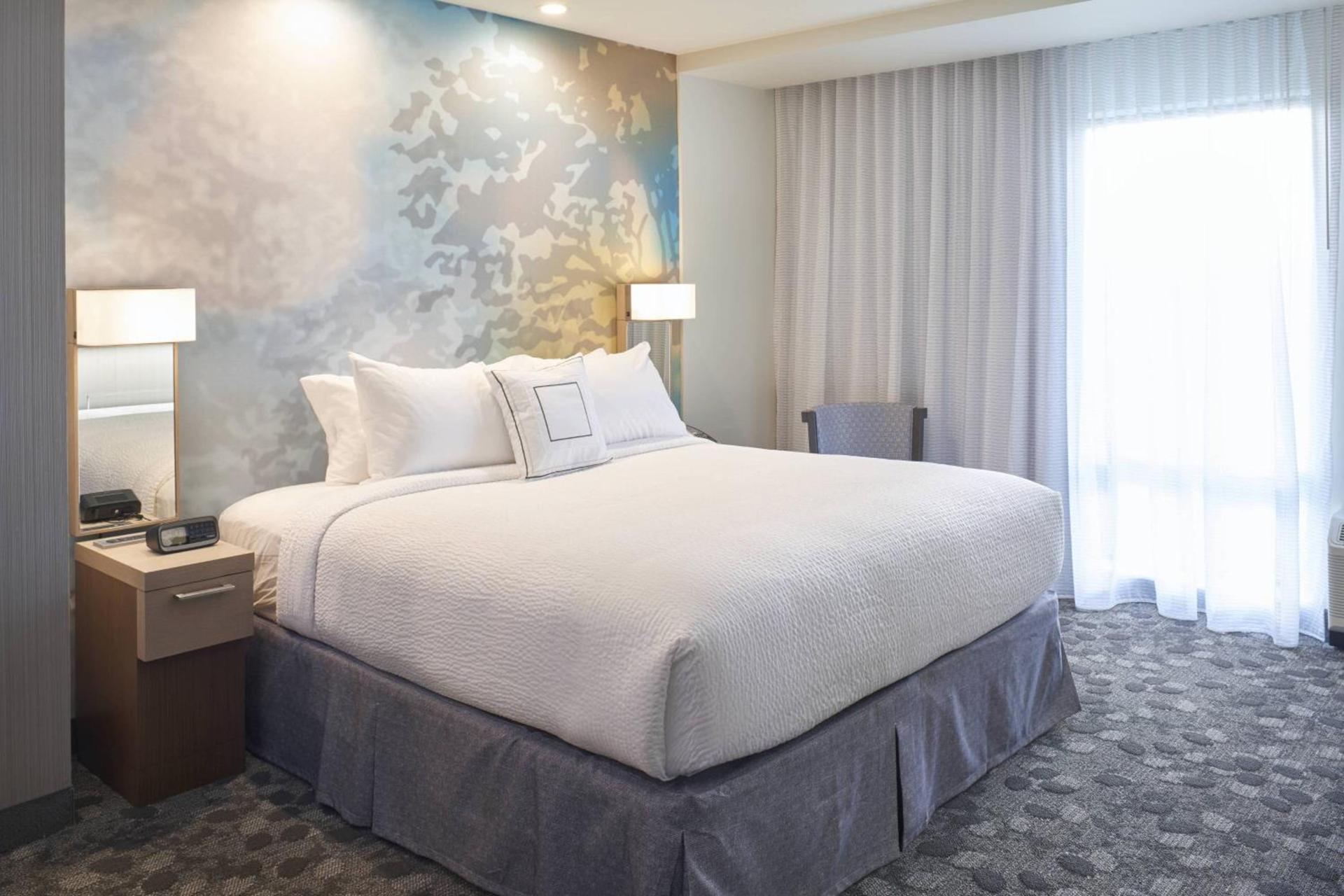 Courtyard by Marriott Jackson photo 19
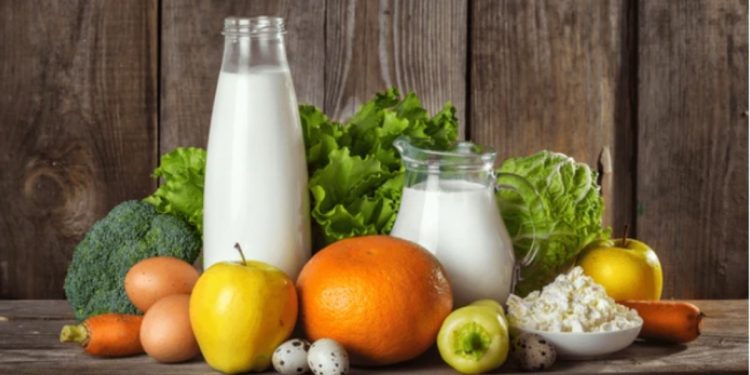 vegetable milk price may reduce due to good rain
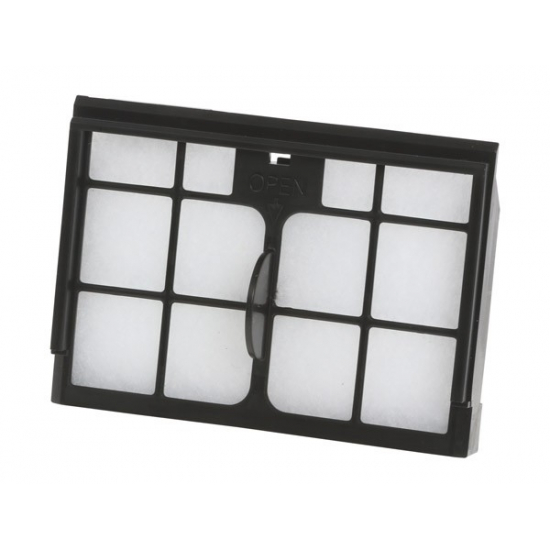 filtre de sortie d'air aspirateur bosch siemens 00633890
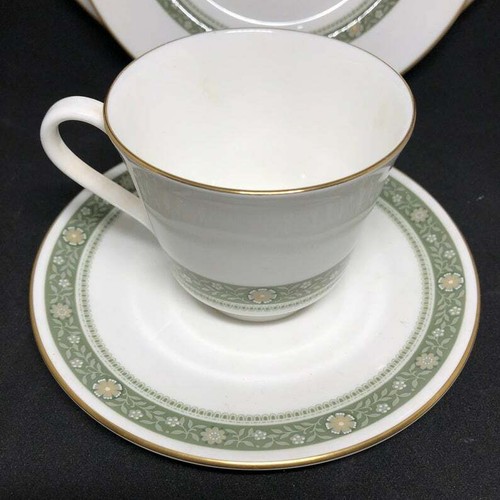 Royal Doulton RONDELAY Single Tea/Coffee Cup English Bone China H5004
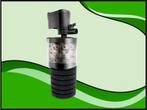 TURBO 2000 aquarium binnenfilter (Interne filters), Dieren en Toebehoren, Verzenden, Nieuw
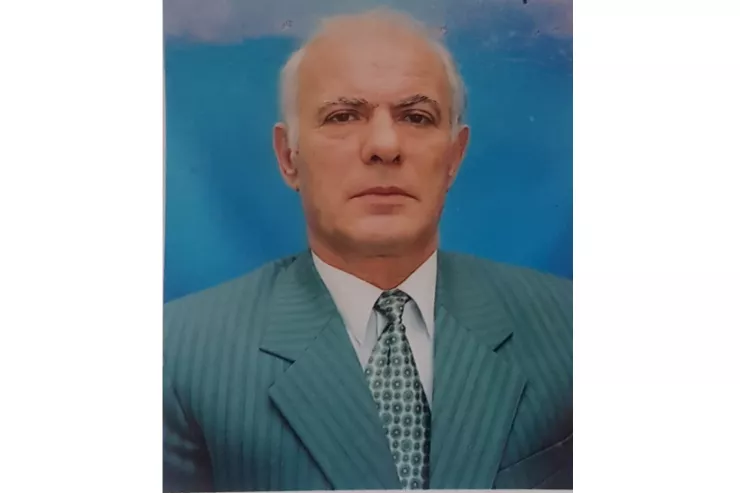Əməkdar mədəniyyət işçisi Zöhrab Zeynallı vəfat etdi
▬▬▬▬▬▬
What the task requires -> Output exactly the lines from the one containing "Royal Doulton RONDELAY" through the last line of the records above, both included, and leave out the pictures.

Response below ->
 Royal Doulton RONDELAY Single Tea/Coffee Cup English Bone China H5004
 TURBO 2000 aquarium binnenfilter (Interne filters), Dieren en Toebehoren, Verzenden, Nieuw
Əməkdar mədəniyyət işçisi Zöhrab Zeynallı vəfat etdi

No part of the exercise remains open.